With its dumb cover art (as bad as the Mainstream Big Brother jacket, only bad on purpose), its cheap song selection (half repeated from previous albums), and its incongruous use of the already meaningless 'flower music' idea [...] the tendency was to half-dismiss it as another London Records exploitation. Only later did we realize how strong and unflowery the new songs were.

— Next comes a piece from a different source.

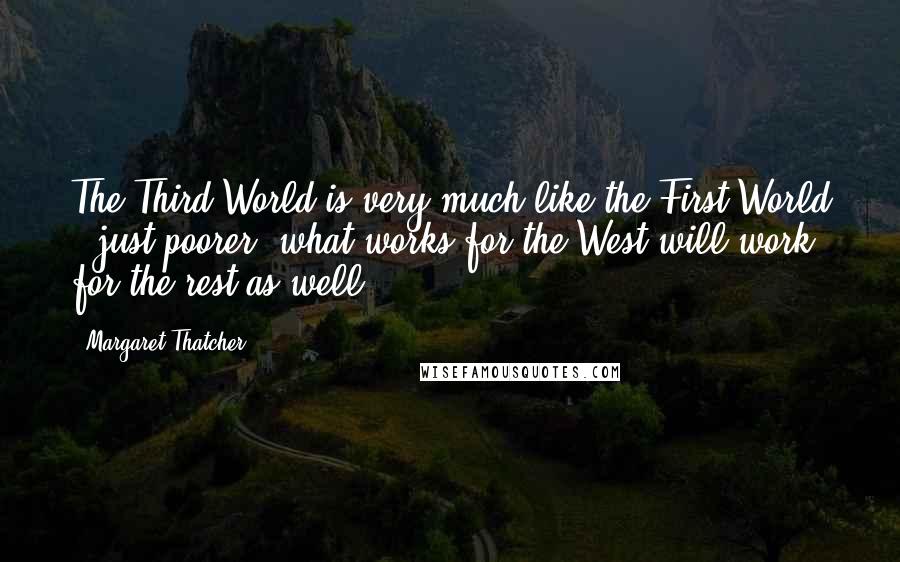 Margaret Thatcher Quotes: The Third World is very much like the First World - just poorer: what works for the West will work for the rest as well.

In a retrospective review for AllMusic, Richie Unterberger gave Flowers four-and-a-half out of five stars and said that the music it compiles is exceptional enough not to be dismissed as a marketing "rip-off": "There's some outstanding material you can't get anywhere else, and the album as a whole plays very well from end to end." Tom Moon gave it five stars in The Rolling Stone Album Guide (2004) and wrote that "it holds together as one of the Stones' best records, a concept album about the social scene that gathers around five rich young men with an appetite for sex, drugs, and gossip."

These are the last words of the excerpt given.